A LIN28B promoter driven luciferase reporter was kindly provided by Dr. Joshua T. Mendell (Johns Hopkins University School of Medicine) (Chang et al., 2009). Mutations in a HIF/MYC binding site were generated with a QuikChange II XL Site-Directed Mutagenesis Kit (Stratagene) and validated by sequencing. The mutant or the WT LIN28B promoter reporter was cotransfected with control or c-MYC plasmid (Addgene #13375) using lipofectamine 2000 (Life Technologies). Cells were lysed 48 hr after transfection and subjected to a Dual-Glo luciferase assay as described by the manufacturer (Promega). In DFX experiments, NPCs were transfected with the mutant or the WT LIN28B promoter luciferase reporter and then treated with DFX for 24 hr before lysed for a Dual-Glo luciferase assay. For let-7 luciferase assay, NPCs cultured in 20% or 2% O2 were transfected with the psiCHECK2-let7 luciferase reporter (Addgene #20932) (Iwasaki et al., 2009) or the psiCHECK2 control reporter (Promega), lysed 72 hr after transfection, and subjected to a Dual-Glo luciferase assay. Luciferase assays were carried out in a GloMax 96 microplate luminometer (Promega).

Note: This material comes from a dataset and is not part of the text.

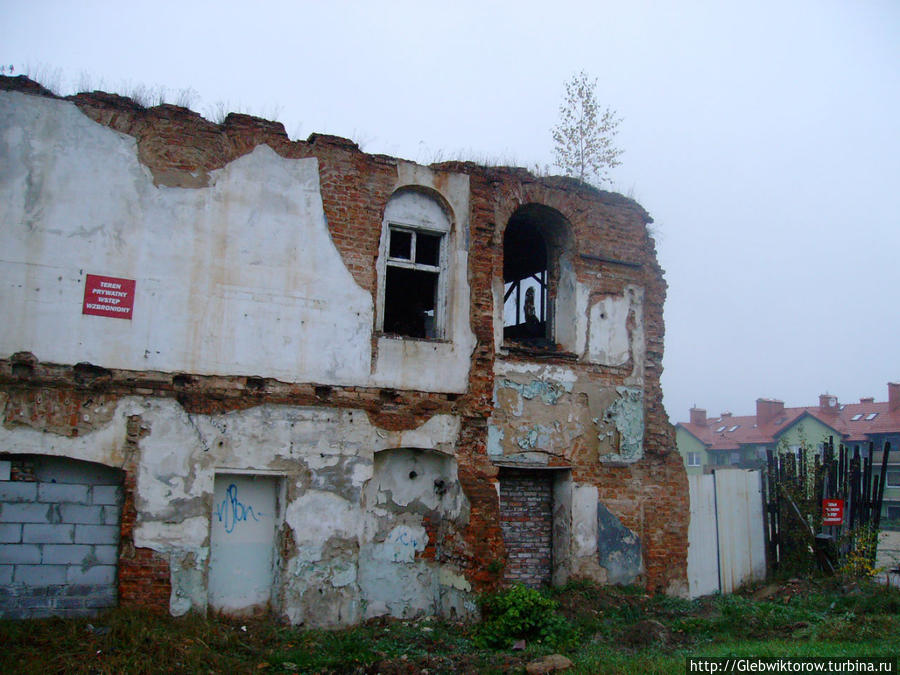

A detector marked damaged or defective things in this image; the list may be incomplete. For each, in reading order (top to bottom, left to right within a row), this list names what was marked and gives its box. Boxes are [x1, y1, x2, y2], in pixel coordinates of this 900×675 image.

let-7 Antagomir and siRNA Transfection

For the let-7 antagomir experiment, NPCs were treated with or without 100 μM DFX for 5 days before transfection. Cells was then transfected with Dharmacon miRIDIAN human let-7b and let-7g hairpin inhibitor (Thermo Scientific) at a final concentration of 20 nM each or 40 nM miRIDIAN microRNA Hairpin Inhibitor Negative Control #1 (Thermo Scientific) using Lipofectamine RNAiMAX transfection reagent (Life Technologies) in accordance with the manufacturer’s instructions. In the knockdown experiments, NPCs were transfected with unique 27-mer siRNA duplexes against human HIF2α, HIF1β, MYC, and MYCN genes and the control duplex (Trilencer, Origene) at a final concentration of 40 nM (for double knockdown group, the final concentration is 20 nM of each siRNA) using Lipofectamine RNAiMAX transfection reagent. After transfection, cells were cultured in NPC medium for 5 days before growth factor withdrawal.

Gene Expression Analysis

RNA isolation, reverse transcription, and real-time PCR were performed as described (Lowry et al., 2008; Patterson et al., 2012). Total RNA was extracted using an RNeasy Mini Kit or a miRNeasy mini Kit (QIAGEN). cDNA was synthesized using the Superscript III first-strand cDNA synthesis kit (Invitrogen). Real-time PCR was performed using the SYBR green real-time PCR kit (Roche). Primer sequences are available upon request. In real-time PCR experiments, transcript levels were determined in triplicate reactions and normalized to a beta actin control. Mature let-7 microRNAs were measured with miScript Primer Assays, miScript Reverse Transcription Kit, and miScript SYBR Green PCR kit (QIAGEN) according to manufacturer’s instruction and normalized with the small RNA U6 as an internal control.

Microarray Profiling

Microarray profiling was performed with Affymetrix Human HG-U133 2.0 Plus arrays as described (Lowry et al., 2008). Data were normalized using the Robust Multichip Algorithm in Genespring (Agilent Technology). Probe sets expressed at a raw value of less than 50 in all samples were eliminated from further analysis. Gene expression differences were judged to be significant when a Student’s t test p value was smaller than 0.05 and the fold change compared with a control was at least 1.54. GSEA was performed using the same criteria. Heat maps were generated using normalized expression data from the GSEA motif list, clustered using Cluster 3.0 software, and rendered by Java TreeView.

Author Contributions

Y.X. and J.Z. provided conception and design, collection and assembly of data, data analysis and interpretation, manuscript writing, and final approval of the manuscript. Y.L., X.G., X.M., J.C. and D.R.R.W. supplied collection and assembly of data, data analysis, and interpretation. C.M.K. provided conception and design, data analysis and interpretation, and manuscript writing; C.S.M. provided conception and design, data analysis and interpretation, and manuscript writing, and M.A.T. and W.E.L. supplied conception and design, data analysis and interpretation, manuscript writing, final approval of manuscript, and financial support.